Lucky Thompson


Biography Lucky Thompson


Lucky Thompson
In 1968, saxophonist Lucky Thompson moved back to Europe with his family after a five-year stay in the States. He settled in Lausanne, Switzerland, which allowed him to tour in European cities where he found the most work. A year later, in March 1969, he recorded A Lucky Songbook in Europe for MPS, one of the Continent's great labels. The album would become one of Thompson's finest works.

Lucky Thompson's first trip to Europe came in 1956, when he relocated to Paris. While he was there, he joined the reed section of Stan Kenton's orchestra when Kenton was short a baritone saxophonist after Jack Nimitz failed to make the trans-Atlantic tour. When the Kenton orchestra returned to the States, Thompson recorded with the band on Cuban Fire starting in May. Overall, the tour was a rather awkward fit for Thompson, since by the 1950s, his instrumental poetry was better suited to smaller ensembles. The blessing for Thompson is that he fell hard for European life. He returned to Paris for an extended stay in '57, which enabled him to play the city's many clubs and tour regionally. He remained in Paris until late 1962, when he moved back to the States before his move to Switzerland in '68.

If you look at Thompson's years of migration, he couldn't have picked worse times to relocate. He left the States in '57 just as jazz recording was picking up following the release of the 12-inch LP in 1956 and launch of stereo in 1958. Then he returned to the States at the dawn of the pop-rock era, when recording work and gigs were drying up for jazz artists who weren't household names or studio musicians. On the other hand, Thompson seemed to suffer from mental illness and depression, so a more tranquil, integrated environment with access to healthcare surely meant more than hustling for scraps of opportunity.

The good news for Lucky is that Europe was his oyster and he was highly appreciated there, which kept him busy. He also was more comfortable in Europe as a creative artist. But as a result of his detachment from the U.S. jazz scene, Thompson was one of only a few jazz giants who really can't be classified as a member of one jazz school or another. In essence, if you combine the toughness of Coleman Hawkins and relaxed tones and agility of Lester Young, you'd probably come close to Thompson's sound. [Photo above of Lucky Thompson and British pianist Stan Tracey]

Thompson also was magnificently inventive as a composer and particularly graceful and slippery on song introductions and improvisational passages. He had great training. Thompson had worked with Count Basie in 1944 and '45 and then Boyd Raeburn in '45, two challenging bands. He also worked and recorded with plenty of small groups, including dates with Charlie Parker and Dizzy Gillespie.

On March 13, 1969, after a flurry of written pleas by the team at MPS in Germany, Thompson finally agreed to record an album for the label at its studios in Villingen, in the Black Forest. Thompson, it turns out, was a perfectionist and something of a gentle control freak.
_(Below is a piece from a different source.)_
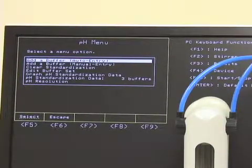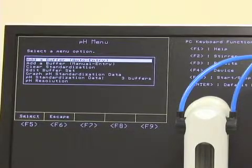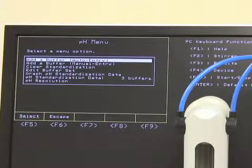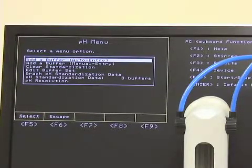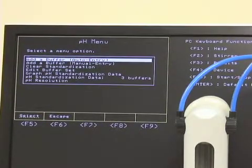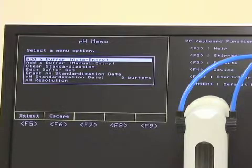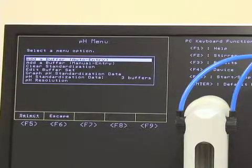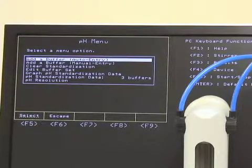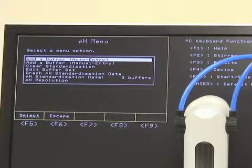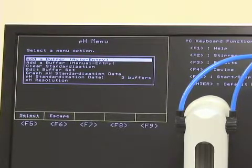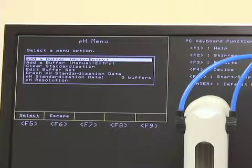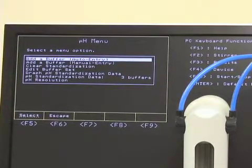Graph pH standardization data will just show you your slope. Under pH standardization data, you can see we have three buffers — this is where it stores your buffer information, including the last time you calibrated and which buffers you used. The final option is pH resolution.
According to the original liner notes for A Lucky Songbook in Europe by album producer Joachim Berendt (above), Thompson hand-picked each musician and insisted they be on the date.

Lucky Thompson was the bridge between swing and bebop. Lucky, Dexter Gordon and Don Byas were among the ones who showed up in New York at the time when the transition had to be made. Lucky had the brains, which was why Bird and others included him on their sessions. He wasn't the most technically proficient guy, on the level of a Bird or a Sonny Rollins, but he had the brains to overcome his technical limitations. And, like all of the musicians who decide to put in the work of a craftsman and learn the music from the ground up, he had his own sound. You don't have to look at any one aspect of his playing; Lucky was just his own person.

I was fortunate enough to meet Lucky in 2002. A guy named Philip Cody and his wife, Evie, had gotten to know Lucky and were going to visit him in the nursing home where he lived in Seattle. Phil emailed me and asked if I wanted to meet Lucky Thompson, so I just picked myself up and went along with my dad, who was also with me on the West Coast. I had heard that Lucky didn't talk, but he talked to us. I think music meant more to him than he let on, but it had disappointed him so much. He had that distant look on his face, but he asked me my name, and we talked--about music, not about him. He picked up my tenor and just popped the keys and said, "This horn has a sound," just popping the keys and looking at me. Then he asked me to play tunes, a lot of which were things from the '30s that I didn't know. I wish I had written them down and learned them. Then he asked me to play like Charlie Parker and like Sonny, and he liked that. He claimed that he didn't remember any of his music, but I had brought some of his records with me, and when I played Lucky Strikes he froze. Then he started telling stories about the musicians on the date.